The various readings of the Qerê (see §17) form one of the oldest and most important parts of the Masora. The punctuation of the Text, however, is not to be confounded with the compilation of the Masora. The former was settled at an earlier period, and is the result of a much more exhaustive labour than the Masora, which was not completed till a considerably later time.

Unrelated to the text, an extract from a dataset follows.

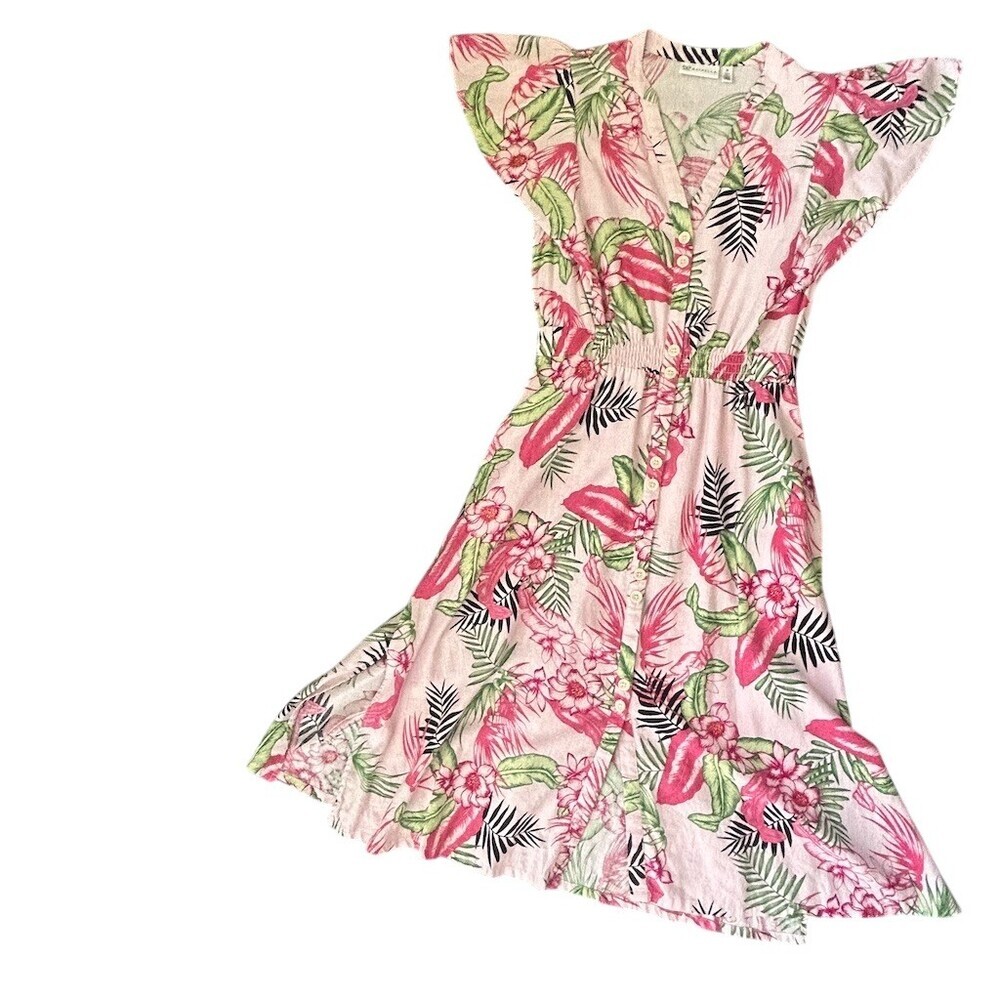 Rafaella Dress Womens M Pink Green Tropical Floral Button Front Midi - Picture 7 of 11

[3d] 3. It was not until about the beginning of the tenth century that the Jews, following the example of the Arabs, began their grammatical compilations. Of the numerous grammatical and lexicographical works of R. Saʿadya, beyond fragments in the commentary on the Sepher Yeṣira (ed. Mayer-Lambert, pp. 42, 47, 75, &c.), only the explanation in Arabic of the seventy (more correctly ninety) hapax legomena in the O.T. has been preserved. Written likewise in Arabic, but frequently translated into Hebrew, were the still extant works of the grammarians R. Yehuda Ḥayyûǵ (also called Abu Zakarya Yaḥya, about the year 1000) and R. Yona (Ahu ʾl-Walîd Merwân ibn Ǵanâḥ, about 1030). By the aid of these earlier labours, Abraham ben Ezra (commonly called Aben Ezra, ob. 1167) and R. David Qimḥi (ob. c. 1235) especially gained a classical reputation by their Hebrew grammatical writings.
- On his independent attitude towards the Masoretic punctuation, see Delitzsch, Comm. zu den Psalmen4, p. 39.